Why DHS is cleaner than DoD

Filed under: General Homeland Security — by Christopher Bellavita on July 15, 2014

I think I understood most of the 2014 QHSR.  But there’s one piece I did not get.

Today’s post is about my effort to discover what a “clean audit opinion” means.  In 2013, DHS received a clean audit.  The Department of Defense has never had a clean audit.  Never.  But I believe it hopes to have a clean audit in 2017, when it turns 70 years old.

That’s basically what I have to say today.  The details follow.

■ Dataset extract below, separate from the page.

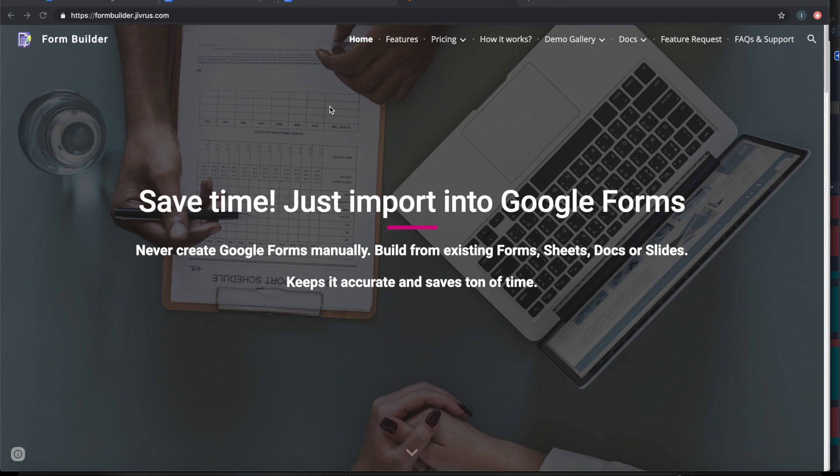Do you have a lot of resources and questions in Google Doc? Do you want to build Google Forms very quickly from your existing Google Docs? Form Builder for Docs can help you.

“It is also worth noting that, in late 2013, DHS received its first unqualified or ‘clean’ audit opinion; this occurred just 10 years after the Department’s formation, which was the largest realignment and consolidation of Federal Government agencies and functions since the creation of the Department of Defense in 1947.”

This 49 word sentence appears twice in the 2014 QHSR.

It sounded like accounting language. I had no idea what it meant. But it seemed like a big deal. So I tried to find out.

The QHSR says DHS got the clean opinion in late 2013. I searched and found a GAO report published on November 15, 2013. That counts as “late 2013” to me.

The report did not appear to confirm the “DHS is Clean” claim: [my emphasis]

GAO reported that the Department of Homeland Security (DHS) had made considerable progress toward obtaining a clean opinion on its financial statements…. DHS has a goal of achieving a clean opinion for fiscal year 2013. However, the DHS auditors’ report for fiscal year 2012, the most recently completed audit, indicated that DHS continues to rely on compensating controls and complex manual work-arounds to support its financial reporting, rather than sound internal control and effective financial management systems.

…GAO also reported that DHS had made limited progress in establishing effective controls to obtain a clean opinion on its internal control over financial reporting.

…DHS has plans to resolve the remaining five material internal control weaknesses, with a goal of achieving a clean opinion on internal control over financial reporting for fiscal year 2016. DHS will continue to face challenges in attaining a clean opinion on its internal control over financial reporting, as well as obtaining and sustaining a clean opinion on its financial statements, until serious internal control and financial management systems deficiencies are resolved.

The GAO report seemed so antithetical to the DHS is Clean assertion that I had to be missing something.

I kept searching and found a DHS press release  that proclaimed “DHS Financial Statements Earn a Clean Audit.”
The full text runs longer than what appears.